The city of Diyarbakır had dreams, once
Cities, I believe, also have dreams like humans. In numerous travels to Edirne from the most western part of the country, to the southeastern cities Gaziantep, Mardin and Diyarbakır, I have come across these dreams.
Diyarbakır, which has been the venue of armed clashes since July, where a war climate reigns, is at the top of cities whose dreams have been shattered like glass castles.
The Diyarbakır Business Council, made up of 22 institutions including the Chamber of Commerce and Industry, Diyarbakır Trade Bourse and its Chamber of Merchants and Craftsmen, has recently presented a report to Deputy Prime Minister Mehmet Şimşek and Development Minister Cevdet Yılmaz in Ankara.
What would a business report mean, you might ask, in an environment where innocent children are dying one by one, where daily life has halted because of curfews, where 300,000 people had to leave their homes in three months?
In fact, as a writer friend from Diyarbakır told me, the effort of the Diyarbakır Business Council is to pour a cup of water on the region’s fire.
The report said in the Sur district of the city, more than 360 businesses have closed down, commercial activities have almost come to a full stop and the already high unemployment has peaked.
The tourism sector, which had big expectations last July after Diyarbakır’s ancient city walls and Hevsel Gardens were listed on UNESCO’s World Culture Heritage List, has also halted.
Including the five-star hotels in Diyarbakır, more than 20 hotels in the Sur district have closed.
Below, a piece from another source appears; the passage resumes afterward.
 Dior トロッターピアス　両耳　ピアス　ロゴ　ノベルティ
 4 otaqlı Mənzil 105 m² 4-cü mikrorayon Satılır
The report said the occupancy rates of these hotels during the resolution process were 80 percent to 85 percent; this figure now is zero.
I remember well what kind of an accommodation problem Diyarbakır had when I first visited the city at the end of 1990s. As far as I remember, there was only the old Kervansaray Hotel in Sur. Now, the renovated Kervansaray is a five-star hotel.
In an another visit to the city much before the resolution process, Chamber of Trade and Industry head Kutbettin Arzu told me that Diyarbakır had started silk production again, a reminder that the city once competed with Bursa in silk production.
He explained how they were making use of the EU funds to revive silk cocoon production, which measured 300 tons in the 1960s. He said they were aiming to revive tourism by restoring the city walls of Diyarbakır.
Arzu was later a deputy for the Justice and Development Party (AKP) and the Agriculture Minister for three months in the election government. We talked on the phone after they presented their report in Ankara.
“So many dreams the city of Diyarbakır had,” I told him.